My dimension question came up during an excursion into 3D printing, and I've been distracted by a USB cabling problem, still unsolved.
Many thanks for the help and observations, all much appreciated. It's been underlined to me that producing good drawings is a mixture of art and science. Science does an excellent job of the geometry and correct drawings, but making clear to a human needs intelligence!
The Coupler is modelled in 3D with a Pad and 3 pockets, 4 simple sketches total. The sketches make perfect sense to the CAD package, but not in a workshop. Though the rendered object gives a good idea of the shape and how it might be machined, it's not dimensioned.
3D printing is easy enough because the CAD model contains all the information needed to create the shape. Ditto CNC. For strength I need to make the coupler in Aluminium or Mild-steel, and I only have manual machines. Proper 2D Technical Drawings are needed.
Here's the range of 2D plans and projections FreeCAD (and most other modellers can generate):
Unwise to print all of them with internal detail, centre-lines, dimensions, tolerances, labels, sections and balloons etc. In this case, I think the coupler can be completely described by the Front, Top, and Right Views, and it's helpful to add the Front Top Left and Front Top Right isomeric projections. A simple text description bottom right is needed: Title, Date, Name, dims in mm, material=Aluminium, Third Angle etc
I'm taken by JA's "More Paper" suggestion. I can only print A4 at home, so one page for the general arrangement plus a page each for the individual views, as necessary to remove clutter.

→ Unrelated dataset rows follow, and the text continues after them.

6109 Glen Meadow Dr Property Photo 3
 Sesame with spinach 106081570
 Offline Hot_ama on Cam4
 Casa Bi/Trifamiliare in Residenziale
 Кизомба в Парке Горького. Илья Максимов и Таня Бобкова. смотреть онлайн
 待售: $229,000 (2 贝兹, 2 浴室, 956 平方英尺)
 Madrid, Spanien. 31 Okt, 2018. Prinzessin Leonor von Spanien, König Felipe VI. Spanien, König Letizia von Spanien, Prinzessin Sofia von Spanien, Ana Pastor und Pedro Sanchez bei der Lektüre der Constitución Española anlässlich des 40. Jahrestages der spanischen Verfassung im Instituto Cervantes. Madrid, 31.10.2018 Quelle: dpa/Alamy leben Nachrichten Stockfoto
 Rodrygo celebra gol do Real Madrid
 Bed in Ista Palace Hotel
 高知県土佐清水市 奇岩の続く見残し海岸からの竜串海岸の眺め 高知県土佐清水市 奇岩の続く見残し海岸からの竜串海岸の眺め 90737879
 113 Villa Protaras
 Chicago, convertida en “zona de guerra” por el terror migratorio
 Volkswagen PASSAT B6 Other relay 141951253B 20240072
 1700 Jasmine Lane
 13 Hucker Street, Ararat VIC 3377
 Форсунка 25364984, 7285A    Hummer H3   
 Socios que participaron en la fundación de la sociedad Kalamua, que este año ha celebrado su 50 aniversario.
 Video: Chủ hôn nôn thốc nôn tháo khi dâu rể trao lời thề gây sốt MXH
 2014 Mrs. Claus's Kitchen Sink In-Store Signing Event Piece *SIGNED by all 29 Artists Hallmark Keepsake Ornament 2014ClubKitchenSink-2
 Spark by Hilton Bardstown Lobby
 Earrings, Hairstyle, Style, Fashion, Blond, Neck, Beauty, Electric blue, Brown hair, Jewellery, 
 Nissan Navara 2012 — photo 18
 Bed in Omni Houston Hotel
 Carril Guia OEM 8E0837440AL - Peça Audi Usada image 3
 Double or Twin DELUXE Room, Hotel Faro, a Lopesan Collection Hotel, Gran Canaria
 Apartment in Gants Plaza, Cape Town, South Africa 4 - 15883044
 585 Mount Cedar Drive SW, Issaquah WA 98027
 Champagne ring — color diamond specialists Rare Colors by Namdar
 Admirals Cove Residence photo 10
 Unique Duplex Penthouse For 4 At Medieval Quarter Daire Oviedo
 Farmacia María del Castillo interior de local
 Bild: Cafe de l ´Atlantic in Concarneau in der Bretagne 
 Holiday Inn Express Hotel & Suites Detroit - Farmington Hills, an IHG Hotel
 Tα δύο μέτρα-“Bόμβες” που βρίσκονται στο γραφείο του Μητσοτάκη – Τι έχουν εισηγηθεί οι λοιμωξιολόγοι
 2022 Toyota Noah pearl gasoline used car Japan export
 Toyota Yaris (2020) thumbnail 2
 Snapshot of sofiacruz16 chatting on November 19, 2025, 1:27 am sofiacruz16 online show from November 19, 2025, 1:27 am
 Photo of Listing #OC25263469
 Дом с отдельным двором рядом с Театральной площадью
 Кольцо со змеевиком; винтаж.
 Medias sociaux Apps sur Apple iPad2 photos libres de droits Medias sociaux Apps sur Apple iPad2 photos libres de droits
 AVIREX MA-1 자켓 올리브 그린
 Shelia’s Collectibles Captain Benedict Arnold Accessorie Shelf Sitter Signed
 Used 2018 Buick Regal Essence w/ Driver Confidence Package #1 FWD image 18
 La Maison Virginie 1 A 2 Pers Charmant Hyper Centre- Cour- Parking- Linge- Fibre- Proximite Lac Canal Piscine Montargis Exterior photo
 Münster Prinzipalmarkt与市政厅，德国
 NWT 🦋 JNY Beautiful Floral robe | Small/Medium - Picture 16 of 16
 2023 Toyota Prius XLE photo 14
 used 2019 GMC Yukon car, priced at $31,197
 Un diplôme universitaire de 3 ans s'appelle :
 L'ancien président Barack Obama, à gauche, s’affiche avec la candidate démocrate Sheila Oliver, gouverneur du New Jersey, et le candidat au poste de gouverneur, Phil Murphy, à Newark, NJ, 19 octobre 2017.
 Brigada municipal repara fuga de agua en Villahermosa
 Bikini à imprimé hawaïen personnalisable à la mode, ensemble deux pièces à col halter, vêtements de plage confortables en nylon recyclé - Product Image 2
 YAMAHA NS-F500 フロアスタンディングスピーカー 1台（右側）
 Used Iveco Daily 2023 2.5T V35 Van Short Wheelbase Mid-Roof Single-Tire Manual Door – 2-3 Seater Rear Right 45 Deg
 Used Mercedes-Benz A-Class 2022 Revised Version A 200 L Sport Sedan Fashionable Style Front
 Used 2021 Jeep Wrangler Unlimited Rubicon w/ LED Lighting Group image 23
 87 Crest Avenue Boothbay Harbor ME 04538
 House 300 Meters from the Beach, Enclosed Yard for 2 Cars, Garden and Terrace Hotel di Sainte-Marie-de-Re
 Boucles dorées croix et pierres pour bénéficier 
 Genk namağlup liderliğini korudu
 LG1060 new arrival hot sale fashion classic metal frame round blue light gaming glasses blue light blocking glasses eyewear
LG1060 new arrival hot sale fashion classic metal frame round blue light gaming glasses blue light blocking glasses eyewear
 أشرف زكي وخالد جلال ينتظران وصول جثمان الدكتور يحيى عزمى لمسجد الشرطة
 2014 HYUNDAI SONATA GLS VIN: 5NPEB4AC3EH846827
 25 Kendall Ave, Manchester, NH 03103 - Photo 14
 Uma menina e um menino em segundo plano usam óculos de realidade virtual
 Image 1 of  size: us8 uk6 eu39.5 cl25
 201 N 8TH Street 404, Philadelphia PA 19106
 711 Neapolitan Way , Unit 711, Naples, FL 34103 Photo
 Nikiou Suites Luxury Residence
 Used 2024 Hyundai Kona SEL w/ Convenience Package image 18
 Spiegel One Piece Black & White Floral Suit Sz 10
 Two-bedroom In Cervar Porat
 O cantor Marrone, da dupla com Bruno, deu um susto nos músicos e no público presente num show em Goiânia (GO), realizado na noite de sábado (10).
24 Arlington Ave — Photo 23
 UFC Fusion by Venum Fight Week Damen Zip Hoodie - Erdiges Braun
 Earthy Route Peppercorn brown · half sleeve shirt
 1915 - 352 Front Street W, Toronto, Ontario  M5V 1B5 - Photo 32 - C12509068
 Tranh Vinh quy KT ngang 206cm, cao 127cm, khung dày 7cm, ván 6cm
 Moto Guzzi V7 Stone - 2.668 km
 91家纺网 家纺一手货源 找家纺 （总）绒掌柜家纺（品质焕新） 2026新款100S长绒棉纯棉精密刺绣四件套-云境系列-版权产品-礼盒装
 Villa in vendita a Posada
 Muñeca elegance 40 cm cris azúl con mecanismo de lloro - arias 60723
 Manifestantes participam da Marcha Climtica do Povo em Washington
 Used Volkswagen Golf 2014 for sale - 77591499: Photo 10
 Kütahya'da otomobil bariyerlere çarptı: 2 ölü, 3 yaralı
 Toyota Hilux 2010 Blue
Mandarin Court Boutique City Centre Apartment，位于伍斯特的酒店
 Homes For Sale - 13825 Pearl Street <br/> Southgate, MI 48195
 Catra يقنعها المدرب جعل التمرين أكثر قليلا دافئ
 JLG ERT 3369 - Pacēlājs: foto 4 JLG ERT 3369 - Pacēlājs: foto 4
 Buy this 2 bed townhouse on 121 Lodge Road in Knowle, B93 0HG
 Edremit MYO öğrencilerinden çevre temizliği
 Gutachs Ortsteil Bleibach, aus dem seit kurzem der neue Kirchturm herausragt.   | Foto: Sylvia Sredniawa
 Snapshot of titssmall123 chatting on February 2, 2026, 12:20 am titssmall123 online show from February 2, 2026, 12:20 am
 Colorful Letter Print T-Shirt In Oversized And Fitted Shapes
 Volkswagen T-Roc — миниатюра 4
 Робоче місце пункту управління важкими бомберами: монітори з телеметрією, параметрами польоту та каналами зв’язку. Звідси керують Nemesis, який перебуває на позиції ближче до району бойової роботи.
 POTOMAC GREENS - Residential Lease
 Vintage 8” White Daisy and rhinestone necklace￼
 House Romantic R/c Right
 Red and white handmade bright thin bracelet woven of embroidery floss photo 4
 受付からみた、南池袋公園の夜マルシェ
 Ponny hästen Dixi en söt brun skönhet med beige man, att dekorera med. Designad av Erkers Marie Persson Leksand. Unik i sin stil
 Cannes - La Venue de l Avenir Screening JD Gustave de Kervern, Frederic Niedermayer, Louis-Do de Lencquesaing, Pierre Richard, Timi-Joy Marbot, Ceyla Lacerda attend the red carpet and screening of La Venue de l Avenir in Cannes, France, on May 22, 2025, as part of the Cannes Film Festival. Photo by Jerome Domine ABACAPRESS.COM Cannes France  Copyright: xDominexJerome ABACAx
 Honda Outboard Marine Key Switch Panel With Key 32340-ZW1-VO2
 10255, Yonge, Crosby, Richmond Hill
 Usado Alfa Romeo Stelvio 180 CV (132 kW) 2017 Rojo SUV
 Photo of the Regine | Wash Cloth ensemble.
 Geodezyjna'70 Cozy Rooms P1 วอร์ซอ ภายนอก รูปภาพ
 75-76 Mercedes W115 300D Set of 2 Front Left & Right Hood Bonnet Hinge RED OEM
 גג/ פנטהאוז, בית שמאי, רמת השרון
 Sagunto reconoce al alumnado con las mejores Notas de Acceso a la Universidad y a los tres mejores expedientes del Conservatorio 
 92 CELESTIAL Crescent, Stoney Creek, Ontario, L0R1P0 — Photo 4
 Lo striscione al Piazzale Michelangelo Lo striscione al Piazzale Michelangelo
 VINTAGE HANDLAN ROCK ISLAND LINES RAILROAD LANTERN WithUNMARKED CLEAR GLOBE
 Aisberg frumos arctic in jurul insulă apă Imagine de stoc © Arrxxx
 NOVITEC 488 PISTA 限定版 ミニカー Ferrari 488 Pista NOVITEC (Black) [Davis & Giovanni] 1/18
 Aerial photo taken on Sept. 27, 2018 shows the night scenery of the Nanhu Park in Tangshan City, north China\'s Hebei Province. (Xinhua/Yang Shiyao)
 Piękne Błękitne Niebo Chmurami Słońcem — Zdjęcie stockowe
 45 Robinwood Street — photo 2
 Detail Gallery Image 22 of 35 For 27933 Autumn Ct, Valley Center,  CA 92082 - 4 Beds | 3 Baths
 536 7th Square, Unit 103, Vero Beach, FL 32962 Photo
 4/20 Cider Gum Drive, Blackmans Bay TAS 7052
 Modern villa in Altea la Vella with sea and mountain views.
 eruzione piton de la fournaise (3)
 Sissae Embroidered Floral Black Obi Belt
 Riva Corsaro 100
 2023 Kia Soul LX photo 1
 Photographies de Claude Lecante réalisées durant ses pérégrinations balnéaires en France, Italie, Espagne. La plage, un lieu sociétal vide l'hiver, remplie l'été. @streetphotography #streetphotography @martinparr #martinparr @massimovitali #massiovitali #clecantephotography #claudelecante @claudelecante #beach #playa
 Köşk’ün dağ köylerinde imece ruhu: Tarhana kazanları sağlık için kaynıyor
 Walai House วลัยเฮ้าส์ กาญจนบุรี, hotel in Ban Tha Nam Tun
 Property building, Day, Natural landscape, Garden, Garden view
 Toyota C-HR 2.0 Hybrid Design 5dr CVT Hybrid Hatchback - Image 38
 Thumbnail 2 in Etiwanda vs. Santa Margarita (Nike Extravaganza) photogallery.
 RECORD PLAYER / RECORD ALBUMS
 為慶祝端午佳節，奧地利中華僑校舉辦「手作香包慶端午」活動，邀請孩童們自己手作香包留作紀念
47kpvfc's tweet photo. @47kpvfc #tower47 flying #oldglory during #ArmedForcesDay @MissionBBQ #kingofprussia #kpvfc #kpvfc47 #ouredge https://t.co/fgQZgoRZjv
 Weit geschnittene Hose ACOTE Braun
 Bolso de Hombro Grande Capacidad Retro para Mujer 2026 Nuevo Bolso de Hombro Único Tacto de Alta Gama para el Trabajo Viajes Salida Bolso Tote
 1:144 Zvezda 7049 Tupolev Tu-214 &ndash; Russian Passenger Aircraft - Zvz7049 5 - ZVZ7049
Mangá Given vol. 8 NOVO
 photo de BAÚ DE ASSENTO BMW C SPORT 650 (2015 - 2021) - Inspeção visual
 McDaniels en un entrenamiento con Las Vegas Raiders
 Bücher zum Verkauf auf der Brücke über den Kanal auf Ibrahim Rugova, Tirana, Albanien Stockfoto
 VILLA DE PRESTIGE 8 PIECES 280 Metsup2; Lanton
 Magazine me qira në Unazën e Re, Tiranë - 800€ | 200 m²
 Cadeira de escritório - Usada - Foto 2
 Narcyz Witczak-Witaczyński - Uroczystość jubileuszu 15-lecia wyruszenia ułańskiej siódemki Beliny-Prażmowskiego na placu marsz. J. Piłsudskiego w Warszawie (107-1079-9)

Otherwise, I'm going to experiment with the other suggestions, like Jason getting rid of angled arrows by using linear dimensions instead. Watch this space!
On the great chain vs don't chain debate, my First Year draughtsmanship books all advise against it because it can cause errors to accumulate. As there are examples of short chains in the same books, I guess it's not always wrong! When milling, I prefer to work from a small number of reference points, which is easier when dimensions aren't chained. Again, the idea is to avoid small errors adding up into a big problem at the end.
Back to my 3D printing problem now, then another go at dimensioning.